What needs to be done
Compute how many lines in the entries below include the string "Photo". Only the number is wanted.

** Opening Information block **

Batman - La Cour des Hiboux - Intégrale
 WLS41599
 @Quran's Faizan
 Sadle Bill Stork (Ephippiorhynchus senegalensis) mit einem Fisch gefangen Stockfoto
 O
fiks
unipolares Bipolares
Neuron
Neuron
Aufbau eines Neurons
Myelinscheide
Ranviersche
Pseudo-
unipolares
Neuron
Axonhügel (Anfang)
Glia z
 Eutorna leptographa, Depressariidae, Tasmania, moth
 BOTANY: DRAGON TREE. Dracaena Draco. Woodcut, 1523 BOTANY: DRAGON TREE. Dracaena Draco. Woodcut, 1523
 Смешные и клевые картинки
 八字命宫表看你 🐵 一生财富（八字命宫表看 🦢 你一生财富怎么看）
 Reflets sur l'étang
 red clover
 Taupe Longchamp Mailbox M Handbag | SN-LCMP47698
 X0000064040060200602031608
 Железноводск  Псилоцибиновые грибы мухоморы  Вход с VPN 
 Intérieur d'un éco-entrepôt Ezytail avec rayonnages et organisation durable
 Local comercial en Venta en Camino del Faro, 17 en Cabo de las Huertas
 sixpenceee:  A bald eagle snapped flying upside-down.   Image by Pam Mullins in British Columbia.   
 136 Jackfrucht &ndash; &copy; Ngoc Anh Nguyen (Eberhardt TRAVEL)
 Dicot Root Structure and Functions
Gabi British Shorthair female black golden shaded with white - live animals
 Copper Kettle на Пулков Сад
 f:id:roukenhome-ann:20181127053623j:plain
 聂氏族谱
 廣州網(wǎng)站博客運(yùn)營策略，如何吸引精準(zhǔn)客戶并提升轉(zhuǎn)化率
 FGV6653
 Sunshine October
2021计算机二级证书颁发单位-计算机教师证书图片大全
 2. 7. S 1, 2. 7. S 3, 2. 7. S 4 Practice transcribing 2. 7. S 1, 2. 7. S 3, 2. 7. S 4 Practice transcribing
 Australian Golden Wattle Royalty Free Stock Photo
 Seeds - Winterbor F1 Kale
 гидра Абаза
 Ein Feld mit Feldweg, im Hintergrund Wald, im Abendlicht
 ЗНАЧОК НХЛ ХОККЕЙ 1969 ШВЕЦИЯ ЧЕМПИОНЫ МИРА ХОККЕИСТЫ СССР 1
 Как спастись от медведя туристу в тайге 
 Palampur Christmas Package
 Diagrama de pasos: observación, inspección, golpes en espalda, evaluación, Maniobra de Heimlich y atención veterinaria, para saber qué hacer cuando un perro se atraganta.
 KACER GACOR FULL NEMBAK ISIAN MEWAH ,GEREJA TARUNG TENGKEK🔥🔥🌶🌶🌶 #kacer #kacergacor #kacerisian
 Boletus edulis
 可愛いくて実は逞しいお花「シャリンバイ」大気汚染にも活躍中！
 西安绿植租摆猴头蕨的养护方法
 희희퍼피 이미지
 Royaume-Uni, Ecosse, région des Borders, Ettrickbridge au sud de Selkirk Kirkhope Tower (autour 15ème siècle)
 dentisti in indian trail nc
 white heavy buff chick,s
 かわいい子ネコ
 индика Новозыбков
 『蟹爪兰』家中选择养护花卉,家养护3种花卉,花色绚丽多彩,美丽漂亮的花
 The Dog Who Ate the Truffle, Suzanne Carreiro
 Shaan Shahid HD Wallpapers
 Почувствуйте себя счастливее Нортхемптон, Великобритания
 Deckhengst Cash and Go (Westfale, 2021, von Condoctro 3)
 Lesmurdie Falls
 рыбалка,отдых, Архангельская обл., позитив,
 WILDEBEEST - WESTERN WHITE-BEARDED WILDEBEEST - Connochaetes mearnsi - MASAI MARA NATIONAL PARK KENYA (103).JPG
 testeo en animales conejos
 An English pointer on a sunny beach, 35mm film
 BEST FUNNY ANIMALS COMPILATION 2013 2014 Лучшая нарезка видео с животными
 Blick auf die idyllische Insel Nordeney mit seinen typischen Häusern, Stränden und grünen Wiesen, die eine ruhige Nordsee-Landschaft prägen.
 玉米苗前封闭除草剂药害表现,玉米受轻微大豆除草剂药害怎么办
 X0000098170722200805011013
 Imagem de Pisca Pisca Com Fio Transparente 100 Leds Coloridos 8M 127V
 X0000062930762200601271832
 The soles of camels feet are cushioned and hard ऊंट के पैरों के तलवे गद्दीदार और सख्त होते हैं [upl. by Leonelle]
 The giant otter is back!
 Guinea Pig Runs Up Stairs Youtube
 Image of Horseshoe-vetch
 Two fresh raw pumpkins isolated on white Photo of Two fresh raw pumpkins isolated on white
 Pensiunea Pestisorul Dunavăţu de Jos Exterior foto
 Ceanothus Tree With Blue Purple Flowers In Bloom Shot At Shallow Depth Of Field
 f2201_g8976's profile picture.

** Closing Information block **

Your solution
2